* **Dataset entries**
--------------------------------------------------
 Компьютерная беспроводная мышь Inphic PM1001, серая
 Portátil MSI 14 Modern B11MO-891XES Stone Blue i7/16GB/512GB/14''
--------------------------------------------------
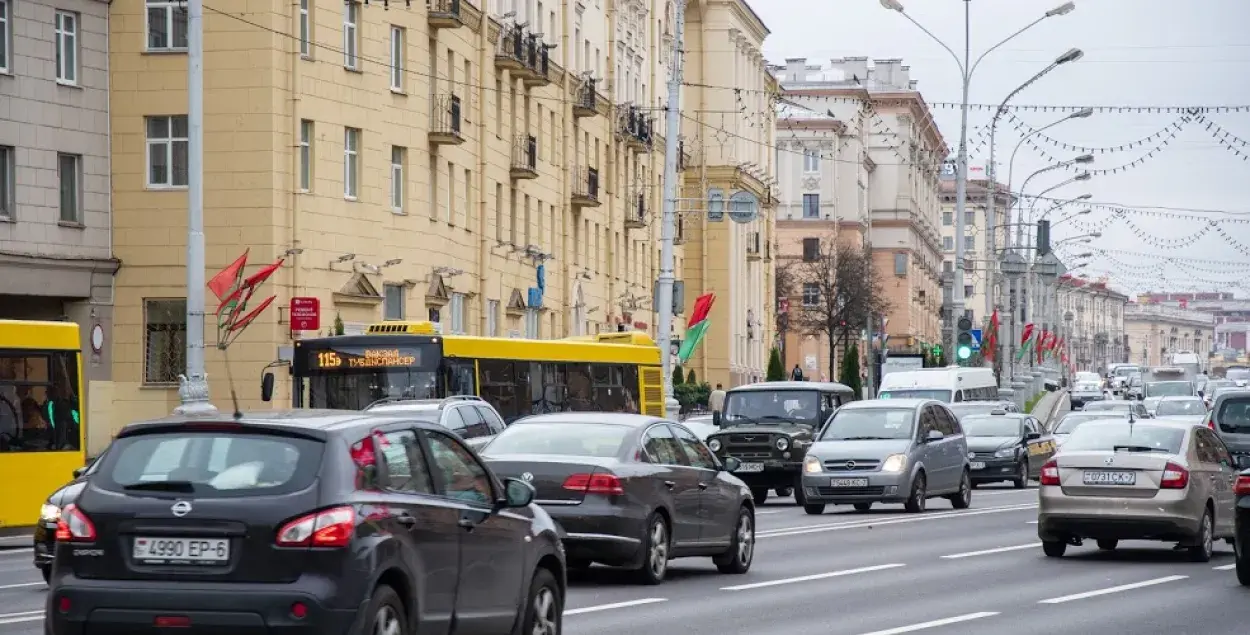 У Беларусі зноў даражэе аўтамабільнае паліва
--------------------------------------------------
* **How to complete this task**
Output only an exact transcription of the lines above from the one with "Компьютерная беспроводная мышь" up to and including the one with "Portátil MSI 14".

* **Written solution**
 Компьютерная беспроводная мышь Inphic PM1001, серая
 Portátil MSI 14 Modern B11MO-891XES Stone Blue i7/16GB/512GB/14''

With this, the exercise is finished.